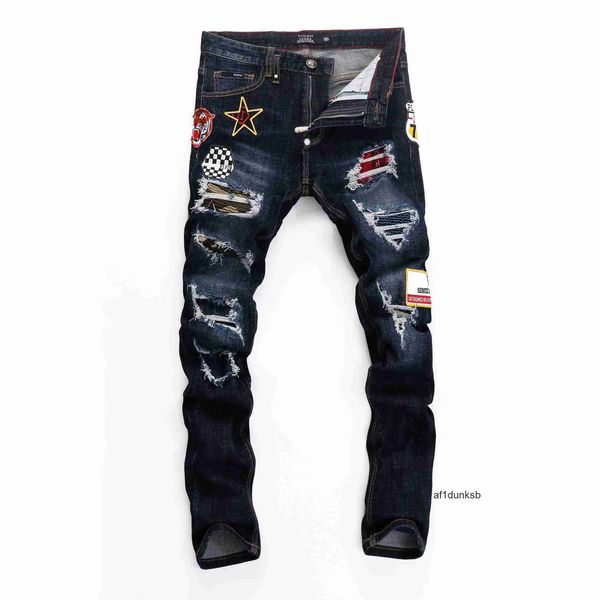 

mens plein philipps jeans mens jeans bear casual mens jeans classical ripped fashion pp man design trousers rock moto distressed skinny deni, Blue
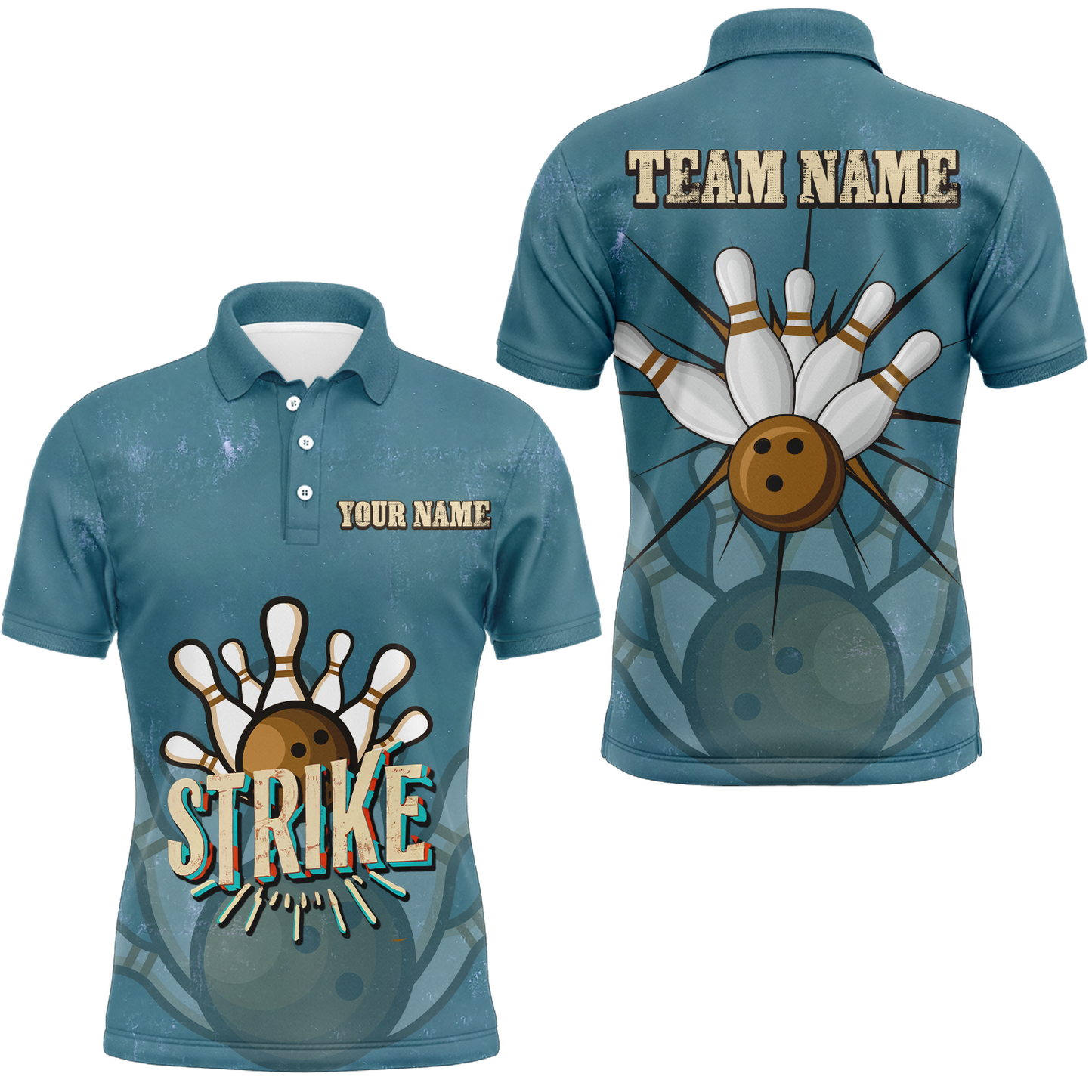Individuelle "Strike Bowling"-Herren-Polohemden, Vintage-Bowlingteam-Trikots, Retro-Bowler-Outfits IPHW5391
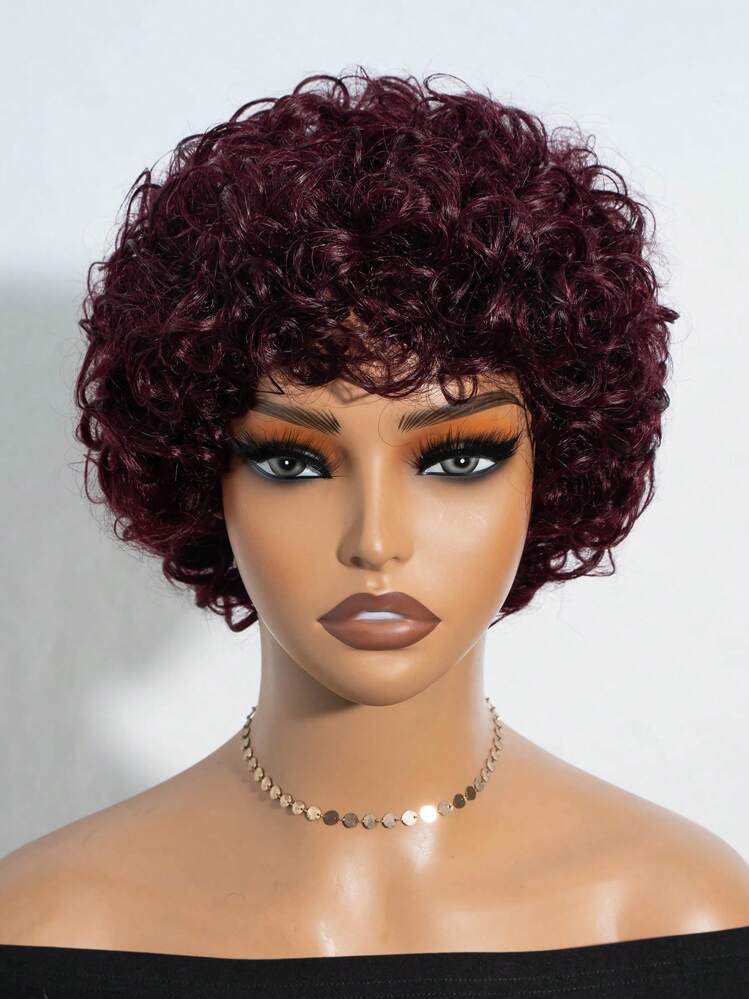 Human Hair Short Deep Curly Bob Wigs With Bangs 6 Inch Brazilian Afro Curly Human Hair Wigs Glueless Machine Made Short Pixie Cut Wigs For Women 99J Burgundy Color - S99J - View 2
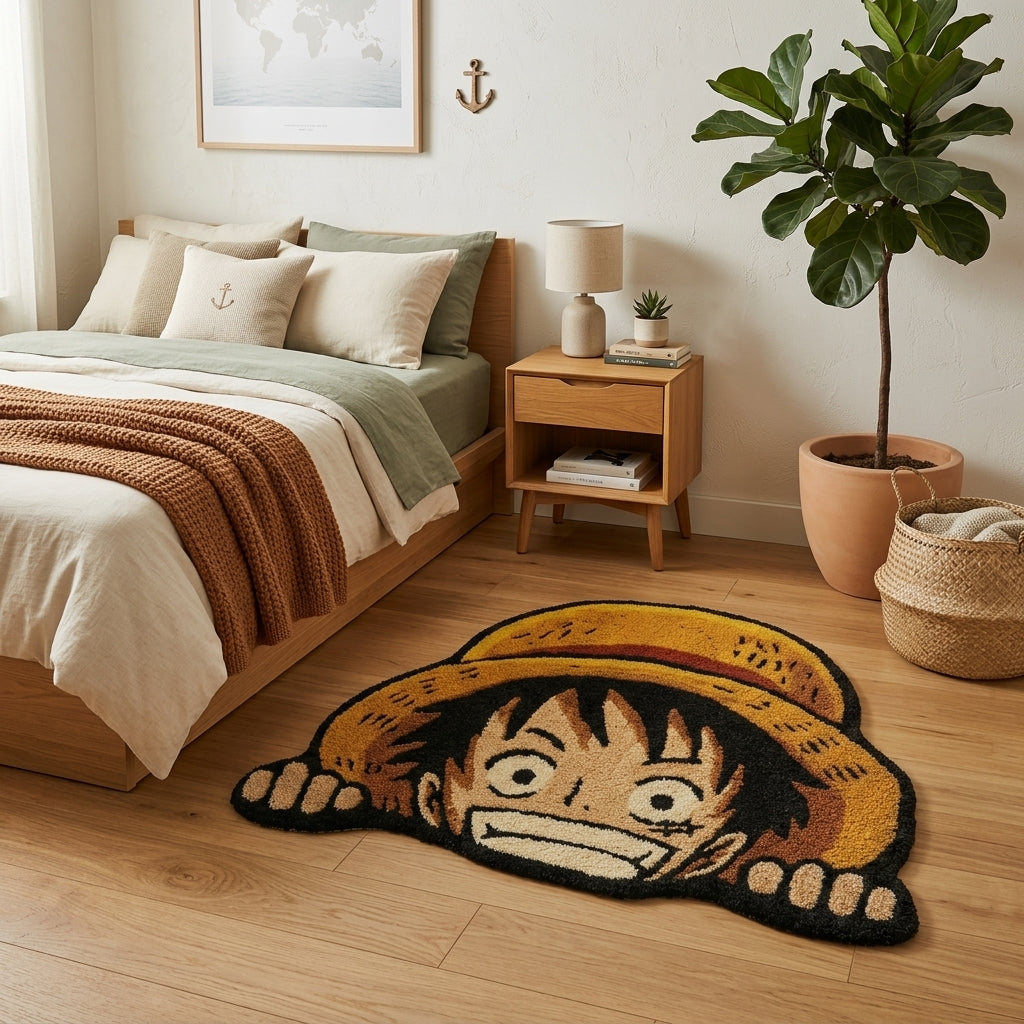 Luffy Peeking Hand-Tufted Rug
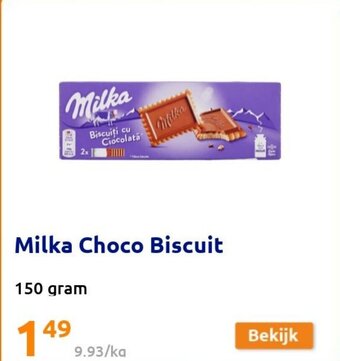 Action Milka Choco Biscuit 150 gram aanbieding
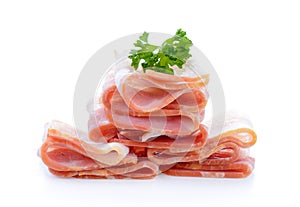 Bacon on the white background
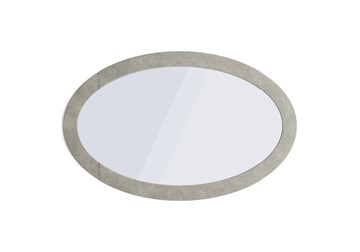 Зеркало в обивке овальное, Микровелюр светло-серый в Тюмени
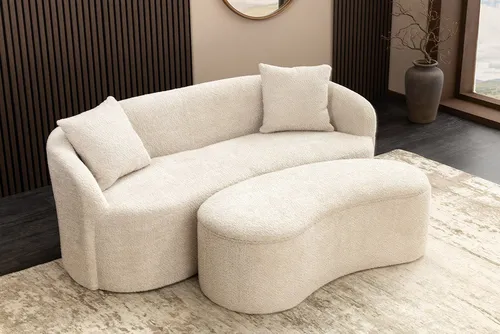 riess-ambiente 2-Sitzer ELEMENTAL 180 cm champagner beige – Modernes Bouclé-Sofa für stilvolle Wohnräume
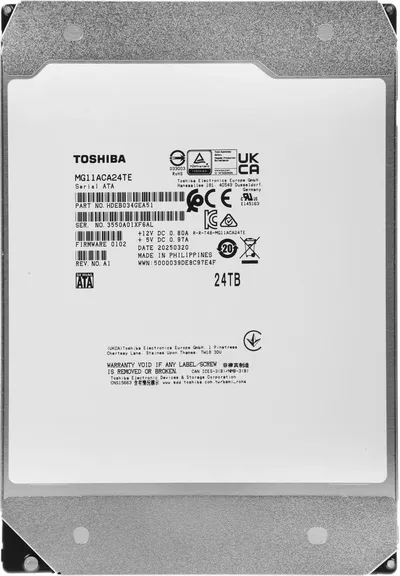 Жесткий диск Toshiba MG11ACA24TE, 24 ТБ, 3.5" SATA III, 7200 rpm, 512 МБ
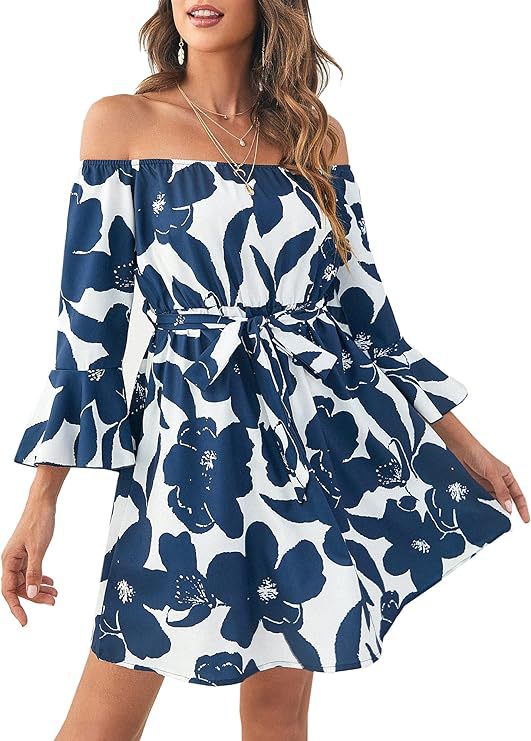 Damen Off-Shoulder Kleid mit buntem Muster Drune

⁂

■ YOUR OBJECTIVE ■
Omit all images when repeating the data above exactly.

■ RESULT OF THE EXERCISE ■
mens plein philipps jeans mens jeans bear casual mens jeans classical ripped fashion pp man design trousers rock moto distressed skinny deni, Blue
Individuelle "Strike Bowling"-Herren-Polohemden, Vintage-Bowlingteam-Trikots, Retro-Bowler-Outfits IPHW5391
 Human Hair Short Deep Curly Bob Wigs With Bangs 6 Inch Brazilian Afro Curly Human Hair Wigs Glueless Machine Made Short Pixie Cut Wigs For Women 99J Burgundy Color - S99J - View 2
 Luffy Peeking Hand-Tufted Rug
 Action Milka Choco Biscuit 150 gram aanbieding
 Bacon on the white background
 Зеркало в обивке овальное, Микровелюр светло-серый в Тюмени
 riess-ambiente 2-Sitzer ELEMENTAL 180 cm champagner beige – Modernes Bouclé-Sofa für stilvolle Wohnräume
 Жесткий диск Toshiba MG11ACA24TE, 24 ТБ, 3.5" SATA III, 7200 rpm, 512 МБ
 Damen Off-Shoulder Kleid mit buntem Muster Drune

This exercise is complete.